A breakthrough in oncology research has identified a potent new method for dismantling the survival mechanisms of solid tumors. By targeting Hypoxia-Inducible Factors 1 and 2 (HIF-1/2), scientists have successfully inhibited the transcription factors responsible for controlling hundreds of genes linked to cancer growth, nutrient supply, and metastasis. While previous therapies have targeted HIF-2 alone, this new class of drugs provides a dual-action approach, addressing the distinct yet complementary roles both factors play in helping cancer cells thrive in low-oxygen environments.

Accelerating Discovery via Computer-Aided Drug Design

The development of these novel compounds was made possible through a collaboration with the University of Maryland School of Pharmacy’s Computer-Aided Drug Design Center. Using a technology known as SILCS, researchers were able to predict which small molecules would bind to the crystal structure of the HIF proteins. This computational approach allowed the team to narrow their focus from millions of potential chemical compounds to just a few hundred, significantly accelerating the timeline from initial concept to a functional, "best-in-class" drug candidate.

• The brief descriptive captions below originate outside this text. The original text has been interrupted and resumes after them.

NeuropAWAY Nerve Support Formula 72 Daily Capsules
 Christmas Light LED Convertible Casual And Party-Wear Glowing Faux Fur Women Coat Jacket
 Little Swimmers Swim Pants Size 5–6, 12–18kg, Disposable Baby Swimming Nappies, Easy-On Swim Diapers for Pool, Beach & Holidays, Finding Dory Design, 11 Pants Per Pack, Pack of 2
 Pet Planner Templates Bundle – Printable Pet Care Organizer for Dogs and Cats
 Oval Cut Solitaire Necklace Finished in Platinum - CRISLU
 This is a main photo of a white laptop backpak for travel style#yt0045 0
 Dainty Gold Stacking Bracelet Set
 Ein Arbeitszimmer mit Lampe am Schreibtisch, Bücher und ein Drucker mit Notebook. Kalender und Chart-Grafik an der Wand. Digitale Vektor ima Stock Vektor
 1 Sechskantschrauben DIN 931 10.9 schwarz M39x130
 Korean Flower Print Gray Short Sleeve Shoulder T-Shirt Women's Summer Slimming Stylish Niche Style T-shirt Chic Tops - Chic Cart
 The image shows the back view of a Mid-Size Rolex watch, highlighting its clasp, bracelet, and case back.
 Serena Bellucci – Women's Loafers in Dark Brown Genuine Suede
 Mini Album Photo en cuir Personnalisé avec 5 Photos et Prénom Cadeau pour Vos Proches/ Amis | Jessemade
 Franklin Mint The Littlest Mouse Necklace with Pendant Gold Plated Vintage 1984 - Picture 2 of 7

Overcoming Immunotherapy Resistance

One of the most significant hurdles in modern oncology is the ability of tumors to suppress the immune system, rendering treatments like checkpoint inhibitors ineffective. The study found that HIF-1/2 levels, which typically rise in the oxygen-depleted centers of tumors, act as a shield against immune attacks. However, when the new dual inhibitors were administered alongside anti-PD1 or anti-CTLA-4 therapies, the combination triggered complete remission in over 50% of the subjects. Notably, these effects were seen even in tumors that had previously shown total resistance to immunotherapy alone.